Il y a une perception de plus en plus concrète que tout, qu'il n'y a rien qui ne contienne sa joie d'être, parce que c'est LA façon d'être: sans joie d'être, il n'y a pas d'être. Mais ce n'est pas ce que nous comprenons mentalement par «joie d'être». C'est... quelque chose qui est difficile à dire. Et cette perception de la souffrance et de la joie (presque du mal et du bien), tout cela, ce sont des nécessités de travail pour permettre au travail de se faire dans un certain ensemble d'inconscience. Parce que la vraie conscience est quelque chose de tout à fait, tout à fait différent. Et ça, c'est ce que cette conscience des cellules est en train d'apprendre, et d'apprendre par une expérience concrète; et toutes ces appréciations de ce qui est bon et de ce qui est mauvais, de ce qui est une souffrance et de ce qui est une joie, tout cela, ça paraît fumeux. Mais encore «la chose» – la Vérité –, la chose concrète n'est pas encore attrapée. Elle est en route, on sent qu'elle est en route, mais ce n'est pas encore ça. Si on l'avait... on serait le maître tout-puissant.
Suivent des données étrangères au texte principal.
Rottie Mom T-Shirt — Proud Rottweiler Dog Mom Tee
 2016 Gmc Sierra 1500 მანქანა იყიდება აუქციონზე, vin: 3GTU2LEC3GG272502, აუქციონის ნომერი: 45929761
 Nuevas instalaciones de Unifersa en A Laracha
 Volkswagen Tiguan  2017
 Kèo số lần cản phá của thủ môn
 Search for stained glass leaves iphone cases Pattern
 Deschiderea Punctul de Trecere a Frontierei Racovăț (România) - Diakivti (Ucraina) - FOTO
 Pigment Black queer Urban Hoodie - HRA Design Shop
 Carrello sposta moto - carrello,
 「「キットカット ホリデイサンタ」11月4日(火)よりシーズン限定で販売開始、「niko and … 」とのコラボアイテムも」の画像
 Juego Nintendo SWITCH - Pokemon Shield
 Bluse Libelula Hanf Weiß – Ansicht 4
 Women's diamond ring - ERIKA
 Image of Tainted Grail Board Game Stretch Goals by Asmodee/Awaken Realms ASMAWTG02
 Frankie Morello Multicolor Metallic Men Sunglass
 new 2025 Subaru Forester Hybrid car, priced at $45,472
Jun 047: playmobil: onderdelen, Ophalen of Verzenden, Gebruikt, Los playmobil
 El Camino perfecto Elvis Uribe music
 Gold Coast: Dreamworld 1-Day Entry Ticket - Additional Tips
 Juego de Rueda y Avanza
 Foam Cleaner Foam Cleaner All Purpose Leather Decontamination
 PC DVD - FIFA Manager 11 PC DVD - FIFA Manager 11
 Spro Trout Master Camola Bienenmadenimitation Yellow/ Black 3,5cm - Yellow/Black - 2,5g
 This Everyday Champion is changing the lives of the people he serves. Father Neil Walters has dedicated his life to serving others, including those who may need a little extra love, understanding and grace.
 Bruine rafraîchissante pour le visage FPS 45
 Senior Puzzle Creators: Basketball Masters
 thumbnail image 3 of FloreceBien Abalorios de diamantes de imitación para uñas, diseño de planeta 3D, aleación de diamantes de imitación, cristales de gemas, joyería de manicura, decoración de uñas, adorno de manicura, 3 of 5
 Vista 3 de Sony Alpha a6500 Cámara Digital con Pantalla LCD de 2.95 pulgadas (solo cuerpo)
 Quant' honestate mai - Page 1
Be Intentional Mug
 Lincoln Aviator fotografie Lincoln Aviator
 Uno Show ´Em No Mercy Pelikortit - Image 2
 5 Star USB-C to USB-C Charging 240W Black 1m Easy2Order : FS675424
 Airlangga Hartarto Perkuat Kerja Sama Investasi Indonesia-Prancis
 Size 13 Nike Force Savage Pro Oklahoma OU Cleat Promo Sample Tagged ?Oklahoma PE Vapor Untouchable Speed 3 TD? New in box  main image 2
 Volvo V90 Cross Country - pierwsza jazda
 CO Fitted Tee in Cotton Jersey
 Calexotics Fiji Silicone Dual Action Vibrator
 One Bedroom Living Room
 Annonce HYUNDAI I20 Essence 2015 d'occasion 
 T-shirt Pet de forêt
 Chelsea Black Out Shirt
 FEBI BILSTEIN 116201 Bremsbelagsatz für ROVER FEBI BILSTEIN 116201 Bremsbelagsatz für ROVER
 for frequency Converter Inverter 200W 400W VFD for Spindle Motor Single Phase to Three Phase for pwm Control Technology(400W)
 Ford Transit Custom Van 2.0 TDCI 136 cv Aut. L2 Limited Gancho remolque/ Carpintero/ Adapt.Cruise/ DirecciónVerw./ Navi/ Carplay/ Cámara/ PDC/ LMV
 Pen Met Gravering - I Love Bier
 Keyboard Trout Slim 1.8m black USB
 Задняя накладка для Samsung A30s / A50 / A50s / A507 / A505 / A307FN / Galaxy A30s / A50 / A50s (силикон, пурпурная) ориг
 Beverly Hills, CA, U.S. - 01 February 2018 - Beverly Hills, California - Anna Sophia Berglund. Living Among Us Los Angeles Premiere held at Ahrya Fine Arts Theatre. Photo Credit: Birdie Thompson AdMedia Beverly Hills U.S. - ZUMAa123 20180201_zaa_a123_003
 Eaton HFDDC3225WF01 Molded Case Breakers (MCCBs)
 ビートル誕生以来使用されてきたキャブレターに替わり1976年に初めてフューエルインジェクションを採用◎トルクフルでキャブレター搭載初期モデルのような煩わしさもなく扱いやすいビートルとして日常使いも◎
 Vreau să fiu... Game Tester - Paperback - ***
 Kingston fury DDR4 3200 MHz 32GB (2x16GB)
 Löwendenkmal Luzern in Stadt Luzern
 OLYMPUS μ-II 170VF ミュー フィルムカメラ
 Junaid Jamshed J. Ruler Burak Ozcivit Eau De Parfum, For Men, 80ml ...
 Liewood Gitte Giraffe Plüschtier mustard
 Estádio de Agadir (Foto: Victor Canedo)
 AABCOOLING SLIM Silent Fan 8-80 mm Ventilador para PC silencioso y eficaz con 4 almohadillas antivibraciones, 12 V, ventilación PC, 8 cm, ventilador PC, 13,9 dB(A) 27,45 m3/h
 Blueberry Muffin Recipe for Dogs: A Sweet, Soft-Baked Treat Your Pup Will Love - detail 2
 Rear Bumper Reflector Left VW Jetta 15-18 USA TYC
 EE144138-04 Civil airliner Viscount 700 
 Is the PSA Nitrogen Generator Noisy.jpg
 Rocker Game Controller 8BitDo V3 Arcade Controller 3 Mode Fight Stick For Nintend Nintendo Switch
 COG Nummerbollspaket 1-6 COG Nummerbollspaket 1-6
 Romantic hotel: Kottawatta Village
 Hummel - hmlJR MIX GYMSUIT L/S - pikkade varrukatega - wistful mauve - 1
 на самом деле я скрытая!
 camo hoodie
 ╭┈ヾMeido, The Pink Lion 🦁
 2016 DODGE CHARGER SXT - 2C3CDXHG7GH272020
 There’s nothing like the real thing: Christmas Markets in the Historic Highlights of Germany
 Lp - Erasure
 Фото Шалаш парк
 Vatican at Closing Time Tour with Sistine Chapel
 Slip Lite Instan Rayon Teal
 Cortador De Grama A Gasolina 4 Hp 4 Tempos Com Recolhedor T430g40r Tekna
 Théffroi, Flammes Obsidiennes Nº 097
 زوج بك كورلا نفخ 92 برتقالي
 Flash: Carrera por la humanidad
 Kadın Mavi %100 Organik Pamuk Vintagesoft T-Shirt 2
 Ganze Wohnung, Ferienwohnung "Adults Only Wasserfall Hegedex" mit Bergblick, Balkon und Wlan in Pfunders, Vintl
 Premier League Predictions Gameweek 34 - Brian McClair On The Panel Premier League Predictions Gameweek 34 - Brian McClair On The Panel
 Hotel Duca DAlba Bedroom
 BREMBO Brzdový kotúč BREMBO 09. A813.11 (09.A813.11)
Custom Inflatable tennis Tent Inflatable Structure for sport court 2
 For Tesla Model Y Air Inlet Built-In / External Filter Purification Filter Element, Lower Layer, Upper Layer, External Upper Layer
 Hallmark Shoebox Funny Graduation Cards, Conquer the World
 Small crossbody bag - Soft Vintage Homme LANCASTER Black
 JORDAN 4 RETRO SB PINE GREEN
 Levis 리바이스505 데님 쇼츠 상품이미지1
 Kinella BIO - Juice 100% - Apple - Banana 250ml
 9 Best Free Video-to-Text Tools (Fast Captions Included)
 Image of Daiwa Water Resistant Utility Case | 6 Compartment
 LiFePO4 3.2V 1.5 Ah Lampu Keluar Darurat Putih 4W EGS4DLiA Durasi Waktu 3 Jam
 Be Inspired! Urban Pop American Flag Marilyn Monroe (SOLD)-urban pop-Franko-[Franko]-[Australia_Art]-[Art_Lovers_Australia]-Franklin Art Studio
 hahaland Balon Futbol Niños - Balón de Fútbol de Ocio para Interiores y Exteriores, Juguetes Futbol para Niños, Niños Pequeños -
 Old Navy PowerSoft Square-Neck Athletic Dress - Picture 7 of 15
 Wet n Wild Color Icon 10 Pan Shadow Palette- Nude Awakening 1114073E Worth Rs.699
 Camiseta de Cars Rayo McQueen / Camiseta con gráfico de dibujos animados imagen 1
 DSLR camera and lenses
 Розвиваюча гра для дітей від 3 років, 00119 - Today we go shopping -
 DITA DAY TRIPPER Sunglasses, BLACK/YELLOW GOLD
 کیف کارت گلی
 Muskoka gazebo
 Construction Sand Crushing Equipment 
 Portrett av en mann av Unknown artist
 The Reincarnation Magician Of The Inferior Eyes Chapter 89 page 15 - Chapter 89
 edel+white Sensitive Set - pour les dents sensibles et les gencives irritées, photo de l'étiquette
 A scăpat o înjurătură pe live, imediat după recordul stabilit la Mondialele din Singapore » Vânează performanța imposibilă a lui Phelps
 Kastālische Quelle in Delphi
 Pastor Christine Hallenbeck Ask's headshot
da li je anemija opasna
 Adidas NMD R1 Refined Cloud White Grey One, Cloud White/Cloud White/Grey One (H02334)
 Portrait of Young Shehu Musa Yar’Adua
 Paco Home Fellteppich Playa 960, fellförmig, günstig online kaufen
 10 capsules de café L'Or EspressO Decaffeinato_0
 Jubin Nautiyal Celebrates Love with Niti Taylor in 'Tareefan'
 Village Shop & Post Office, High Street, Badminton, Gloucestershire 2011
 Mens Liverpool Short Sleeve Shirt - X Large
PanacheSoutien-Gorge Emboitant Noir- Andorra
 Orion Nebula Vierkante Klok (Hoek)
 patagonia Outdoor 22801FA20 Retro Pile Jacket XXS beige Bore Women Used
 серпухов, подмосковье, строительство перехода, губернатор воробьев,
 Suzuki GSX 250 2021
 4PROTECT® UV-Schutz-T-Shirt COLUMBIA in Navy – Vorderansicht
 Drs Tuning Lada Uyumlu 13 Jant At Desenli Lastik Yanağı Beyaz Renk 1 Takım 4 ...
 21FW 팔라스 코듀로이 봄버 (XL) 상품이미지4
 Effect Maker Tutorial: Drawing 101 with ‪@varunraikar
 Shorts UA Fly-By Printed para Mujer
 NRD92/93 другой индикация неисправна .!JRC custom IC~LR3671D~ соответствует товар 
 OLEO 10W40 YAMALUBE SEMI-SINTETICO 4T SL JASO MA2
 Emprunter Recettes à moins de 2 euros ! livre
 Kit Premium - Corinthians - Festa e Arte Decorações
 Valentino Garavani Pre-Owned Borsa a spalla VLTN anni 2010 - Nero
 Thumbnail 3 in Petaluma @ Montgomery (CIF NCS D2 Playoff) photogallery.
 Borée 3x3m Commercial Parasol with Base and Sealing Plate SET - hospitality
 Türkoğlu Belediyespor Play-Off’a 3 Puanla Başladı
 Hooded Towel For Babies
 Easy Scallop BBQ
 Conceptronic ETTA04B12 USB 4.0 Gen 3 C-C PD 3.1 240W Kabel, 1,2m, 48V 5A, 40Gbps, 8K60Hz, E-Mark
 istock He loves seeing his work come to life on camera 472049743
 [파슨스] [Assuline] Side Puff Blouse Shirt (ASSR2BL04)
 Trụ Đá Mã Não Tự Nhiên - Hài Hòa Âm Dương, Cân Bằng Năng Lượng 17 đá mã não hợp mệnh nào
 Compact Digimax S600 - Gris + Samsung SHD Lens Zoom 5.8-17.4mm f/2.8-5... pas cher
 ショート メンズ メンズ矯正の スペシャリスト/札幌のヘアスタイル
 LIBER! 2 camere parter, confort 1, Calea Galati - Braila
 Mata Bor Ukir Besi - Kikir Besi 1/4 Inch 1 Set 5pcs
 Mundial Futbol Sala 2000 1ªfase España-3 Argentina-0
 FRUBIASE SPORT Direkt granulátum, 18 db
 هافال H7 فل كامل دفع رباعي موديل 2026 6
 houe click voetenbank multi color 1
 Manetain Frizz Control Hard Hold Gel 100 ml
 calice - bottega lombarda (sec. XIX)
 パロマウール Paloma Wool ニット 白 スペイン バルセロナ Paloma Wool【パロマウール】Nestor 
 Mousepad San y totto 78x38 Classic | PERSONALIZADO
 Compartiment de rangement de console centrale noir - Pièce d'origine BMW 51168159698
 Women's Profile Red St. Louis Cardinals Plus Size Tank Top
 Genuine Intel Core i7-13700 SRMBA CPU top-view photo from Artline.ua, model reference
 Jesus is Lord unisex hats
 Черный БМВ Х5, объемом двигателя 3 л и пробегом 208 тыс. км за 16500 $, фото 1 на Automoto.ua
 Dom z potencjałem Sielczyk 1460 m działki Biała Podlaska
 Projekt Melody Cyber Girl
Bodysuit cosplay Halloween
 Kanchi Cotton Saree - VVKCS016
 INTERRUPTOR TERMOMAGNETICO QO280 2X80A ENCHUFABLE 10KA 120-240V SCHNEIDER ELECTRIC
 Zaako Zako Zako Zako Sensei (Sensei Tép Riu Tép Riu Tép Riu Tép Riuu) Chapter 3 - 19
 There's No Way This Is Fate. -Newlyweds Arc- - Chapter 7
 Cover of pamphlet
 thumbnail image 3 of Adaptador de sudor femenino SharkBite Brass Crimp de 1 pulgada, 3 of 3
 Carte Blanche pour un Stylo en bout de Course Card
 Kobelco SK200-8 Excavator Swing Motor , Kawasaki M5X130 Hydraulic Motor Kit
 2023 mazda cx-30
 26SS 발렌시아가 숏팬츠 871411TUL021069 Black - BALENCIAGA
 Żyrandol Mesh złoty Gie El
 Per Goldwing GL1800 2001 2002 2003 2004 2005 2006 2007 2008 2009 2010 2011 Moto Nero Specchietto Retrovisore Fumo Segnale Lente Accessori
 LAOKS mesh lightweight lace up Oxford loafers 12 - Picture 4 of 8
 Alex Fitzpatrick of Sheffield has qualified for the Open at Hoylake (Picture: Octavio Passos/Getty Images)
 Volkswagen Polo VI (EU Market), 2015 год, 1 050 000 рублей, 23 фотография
Et il est possible que l'on ne puisse l'avoir que lorsque le monde dans sa totalité ou dans un ensemble suffisant sera prêt pour la transformation.
Ça, c'est une spéculation, ce qu'on pourrait appeler une inspiration. Mais ça appartient encore au domaine là-haut.
De temps en temps, c'est comme si l'on effleurait la perception de la toute-puissance: on est sur le point... ah! (Mère fait le geste de saisir la chose)... mais ça s'efface.
Quand on aura ça, le monde pourra changer. Et quand je dis «on», je ne parle pas d'une personne... Il y a peut-être quelque chose qui équivaut à la Personne, mais ça... Cela aussi, je ne suis pas sûre que ce ne soit pas une projection de notre conscience sur quelque chose qui nous échappe.
Sri Aurobindo disait toujours que si l'on va assez loin par-delà l'Impersonnel, si on va au-delà, on trouve quelque chose que nous

 

pouvons appeler la Personne, mais qui ne correspond à rien du tout de ce que nous concevons comme la «Personne».
Et alors là, il n'y a plus... il n'y a plus que Ça! Et c'est Ça qui a le pouvoir. Mais même quand nous disons «il n'y a plus que Ça», (riant) nous le situons dans quelque chose d'autre!... Les mots, le langage est impropre à exprimer quelque chose qui dépasse la conscience. Dès que l'on formule, ça descend1.
(silence)
Un peu plus loin [dans cet Entretien], tu dis: «Il y a beaucoup de gens qui ont réalisé le Divin, qui n'en ont jamais rien dit, et qui n'en savaient rien.» Comment est-ce possible? On peut réaliser le Divin sans le savoir?
C'est encore la même chose. On pourrait ajouter: et qui, MENTALEMENT, n'en savaient rien. Ils ne disaient pas «J'ai réalisé le Divin» parce que cela ne correspondait à aucune conception mentale.